Like Markey and Ocasio-Cortez, the military and intelligence communities have consistently been more concerned about climate change and the environment than the president.
Last week, Director of National Intelligence Dan Coats testified before the Senate Select Committee on Intelligence about the 2019 Worldwide Threat Assessment. Coats oversees the i Office of the Director of National Intelligence, which integrates the work of 17 organizations including the CIA and departments of State, Defense, Justice, Energy, Homeland Security, and Treasury as well as the Coast Guard and Drug Enforcement Agency.

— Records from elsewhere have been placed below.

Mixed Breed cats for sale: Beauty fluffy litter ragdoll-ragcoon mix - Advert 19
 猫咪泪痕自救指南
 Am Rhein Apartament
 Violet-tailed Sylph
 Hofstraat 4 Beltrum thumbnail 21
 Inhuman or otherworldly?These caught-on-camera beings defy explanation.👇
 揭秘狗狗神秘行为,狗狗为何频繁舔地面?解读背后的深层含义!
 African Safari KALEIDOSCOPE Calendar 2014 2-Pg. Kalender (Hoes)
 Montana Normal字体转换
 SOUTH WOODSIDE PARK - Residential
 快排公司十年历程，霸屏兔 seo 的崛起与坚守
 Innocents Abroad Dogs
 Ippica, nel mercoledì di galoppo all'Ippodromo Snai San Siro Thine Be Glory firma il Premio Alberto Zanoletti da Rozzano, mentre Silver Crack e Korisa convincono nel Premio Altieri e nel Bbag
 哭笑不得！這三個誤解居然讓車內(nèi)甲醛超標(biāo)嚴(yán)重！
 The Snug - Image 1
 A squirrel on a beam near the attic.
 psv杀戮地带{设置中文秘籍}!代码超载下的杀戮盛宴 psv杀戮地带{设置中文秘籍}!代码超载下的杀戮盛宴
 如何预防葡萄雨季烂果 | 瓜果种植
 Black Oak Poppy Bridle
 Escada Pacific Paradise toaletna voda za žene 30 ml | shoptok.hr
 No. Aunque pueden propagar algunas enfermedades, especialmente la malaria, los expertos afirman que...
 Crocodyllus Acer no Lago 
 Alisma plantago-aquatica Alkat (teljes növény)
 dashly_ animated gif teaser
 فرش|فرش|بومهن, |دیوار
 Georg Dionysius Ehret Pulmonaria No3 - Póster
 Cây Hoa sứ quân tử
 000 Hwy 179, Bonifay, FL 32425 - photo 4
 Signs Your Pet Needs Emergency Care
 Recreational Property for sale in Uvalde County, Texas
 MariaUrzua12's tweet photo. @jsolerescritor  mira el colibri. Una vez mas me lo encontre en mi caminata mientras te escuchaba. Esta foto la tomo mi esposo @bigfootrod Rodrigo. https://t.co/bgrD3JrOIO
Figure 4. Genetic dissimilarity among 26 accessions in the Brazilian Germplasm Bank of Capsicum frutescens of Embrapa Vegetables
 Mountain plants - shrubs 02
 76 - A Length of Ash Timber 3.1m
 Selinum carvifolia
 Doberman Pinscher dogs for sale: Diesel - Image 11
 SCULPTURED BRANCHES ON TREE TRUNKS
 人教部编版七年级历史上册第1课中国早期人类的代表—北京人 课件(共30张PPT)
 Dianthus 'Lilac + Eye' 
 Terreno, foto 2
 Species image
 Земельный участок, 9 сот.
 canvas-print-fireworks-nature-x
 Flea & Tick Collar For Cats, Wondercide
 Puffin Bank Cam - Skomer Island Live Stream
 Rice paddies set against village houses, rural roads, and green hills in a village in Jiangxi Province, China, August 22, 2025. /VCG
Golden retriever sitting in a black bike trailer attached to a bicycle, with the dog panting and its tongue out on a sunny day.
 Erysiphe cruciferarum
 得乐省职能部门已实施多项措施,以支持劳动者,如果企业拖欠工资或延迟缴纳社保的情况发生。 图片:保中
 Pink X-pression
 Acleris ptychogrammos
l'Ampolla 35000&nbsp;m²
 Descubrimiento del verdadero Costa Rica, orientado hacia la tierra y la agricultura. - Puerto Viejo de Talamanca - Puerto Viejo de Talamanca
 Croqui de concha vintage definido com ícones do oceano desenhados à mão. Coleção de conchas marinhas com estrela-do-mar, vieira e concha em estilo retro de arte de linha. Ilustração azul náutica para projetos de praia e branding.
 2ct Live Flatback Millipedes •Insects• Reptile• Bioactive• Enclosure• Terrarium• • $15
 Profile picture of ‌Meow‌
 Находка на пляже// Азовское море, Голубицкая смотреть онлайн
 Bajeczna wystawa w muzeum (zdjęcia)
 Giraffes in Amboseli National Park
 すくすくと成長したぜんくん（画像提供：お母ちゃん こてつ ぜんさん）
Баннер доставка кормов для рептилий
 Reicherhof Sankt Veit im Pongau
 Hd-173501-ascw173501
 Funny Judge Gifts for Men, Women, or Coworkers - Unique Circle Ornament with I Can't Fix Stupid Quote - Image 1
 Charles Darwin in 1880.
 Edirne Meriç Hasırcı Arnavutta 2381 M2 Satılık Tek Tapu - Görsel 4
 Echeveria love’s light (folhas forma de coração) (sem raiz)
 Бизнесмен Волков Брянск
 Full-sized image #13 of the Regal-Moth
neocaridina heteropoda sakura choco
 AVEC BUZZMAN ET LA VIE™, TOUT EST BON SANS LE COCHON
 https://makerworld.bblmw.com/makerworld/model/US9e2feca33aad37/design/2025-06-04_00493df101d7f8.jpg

For the third year in a row, the ODNI report highlighted global threats posed by climate change alongside threats posed by China, Russia, weapons of mass destruction and terrorism.
“Climate hazards such as extreme weather, higher temperatures, droughts, floods, wildfires, storms, sea level rise, soil degradation, and acidifying oceans are intensifying, threatening infrastructure, health, and water and food security,” the report stated.
The threat assessment also cited the dangers to military installations posed by rising sea levels.
“Damage to communication, energy, and transportation infrastructure could affect low-lying military bases, inflict economic costs, and cause human displacement and loss of life,” ODNI found.
This already happened when Hurricane Florence caused $3.6 billion damage to the Marine Corps’ Camp Lejeune in North Carolina in September 2018, followed one month later by $5 billion in damage to Tyndall Air Force base in Florida after Hurricane Michael, according to the Union of Concerned Scientists.
A January 2019 report on climate change risk by the Department of Defense reviewed 79 military installations and found 53 at risk of recurrent flooding, 43 vulnerable to droughts and 36 at risk of wildfires, with many installations threatened by more than one risk factor. Desertification and thawing permafrost were other risk factors.
“Congress needs to use the power of the purse to ensure that our federal spending prioritizes clean energy, climate change, and science, and restricts the ability of the Trump administration to take actions that would move us further away from our climate goals,” Markey wrote in a Dec. 7 op-ed in the Boston Globe. “In the 116th Congress, we will have that chance to make history. Now is the time for a green New Deal.”